Your answer should consist of the lines in the listing that hold "Used".

══ Supplied entries

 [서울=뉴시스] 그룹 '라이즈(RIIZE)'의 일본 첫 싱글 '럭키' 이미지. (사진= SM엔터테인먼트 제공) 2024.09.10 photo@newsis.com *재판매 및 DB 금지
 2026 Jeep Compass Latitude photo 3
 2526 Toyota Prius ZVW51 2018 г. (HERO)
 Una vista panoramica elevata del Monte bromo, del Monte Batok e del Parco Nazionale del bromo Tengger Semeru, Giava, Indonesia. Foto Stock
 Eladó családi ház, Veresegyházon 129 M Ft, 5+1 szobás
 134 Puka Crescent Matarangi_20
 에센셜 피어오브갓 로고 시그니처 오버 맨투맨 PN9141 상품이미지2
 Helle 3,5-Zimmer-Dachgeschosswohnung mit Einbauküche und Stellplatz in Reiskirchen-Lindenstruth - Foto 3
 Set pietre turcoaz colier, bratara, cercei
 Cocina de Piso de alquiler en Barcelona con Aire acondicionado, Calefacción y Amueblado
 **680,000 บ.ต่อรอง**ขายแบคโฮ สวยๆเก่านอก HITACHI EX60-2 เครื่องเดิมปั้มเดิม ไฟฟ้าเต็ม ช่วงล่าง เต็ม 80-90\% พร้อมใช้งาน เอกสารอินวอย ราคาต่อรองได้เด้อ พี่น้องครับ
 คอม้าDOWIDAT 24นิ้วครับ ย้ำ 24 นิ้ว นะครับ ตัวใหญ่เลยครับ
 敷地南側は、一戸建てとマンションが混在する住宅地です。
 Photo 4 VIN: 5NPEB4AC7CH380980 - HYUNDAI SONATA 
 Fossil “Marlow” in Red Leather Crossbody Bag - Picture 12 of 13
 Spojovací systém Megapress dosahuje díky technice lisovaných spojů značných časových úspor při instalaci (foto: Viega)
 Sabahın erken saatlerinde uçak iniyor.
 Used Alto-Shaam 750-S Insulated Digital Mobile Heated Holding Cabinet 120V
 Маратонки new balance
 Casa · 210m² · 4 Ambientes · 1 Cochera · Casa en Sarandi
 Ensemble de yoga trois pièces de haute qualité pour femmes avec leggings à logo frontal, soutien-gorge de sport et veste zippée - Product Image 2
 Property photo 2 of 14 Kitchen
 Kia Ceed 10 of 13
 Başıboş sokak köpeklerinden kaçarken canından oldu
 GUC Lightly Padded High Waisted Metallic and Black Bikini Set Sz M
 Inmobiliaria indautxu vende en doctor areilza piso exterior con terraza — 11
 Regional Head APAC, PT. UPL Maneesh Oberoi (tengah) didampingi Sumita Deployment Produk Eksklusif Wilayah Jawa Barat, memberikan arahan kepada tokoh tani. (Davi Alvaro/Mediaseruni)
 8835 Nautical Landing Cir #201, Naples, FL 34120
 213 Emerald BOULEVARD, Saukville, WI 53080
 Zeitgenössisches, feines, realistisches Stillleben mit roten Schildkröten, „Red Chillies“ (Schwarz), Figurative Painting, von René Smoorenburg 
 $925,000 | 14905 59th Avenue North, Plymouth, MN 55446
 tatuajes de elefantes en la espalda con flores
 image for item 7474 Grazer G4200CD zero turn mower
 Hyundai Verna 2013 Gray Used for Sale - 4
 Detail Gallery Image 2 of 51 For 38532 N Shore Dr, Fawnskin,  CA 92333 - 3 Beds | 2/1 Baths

════

* _Expected output_:
 Used Alto-Shaam 750-S Insulated Digital Mobile Heated Holding Cabinet 120V
 Hyundai Verna 2013 Gray Used for Sale - 4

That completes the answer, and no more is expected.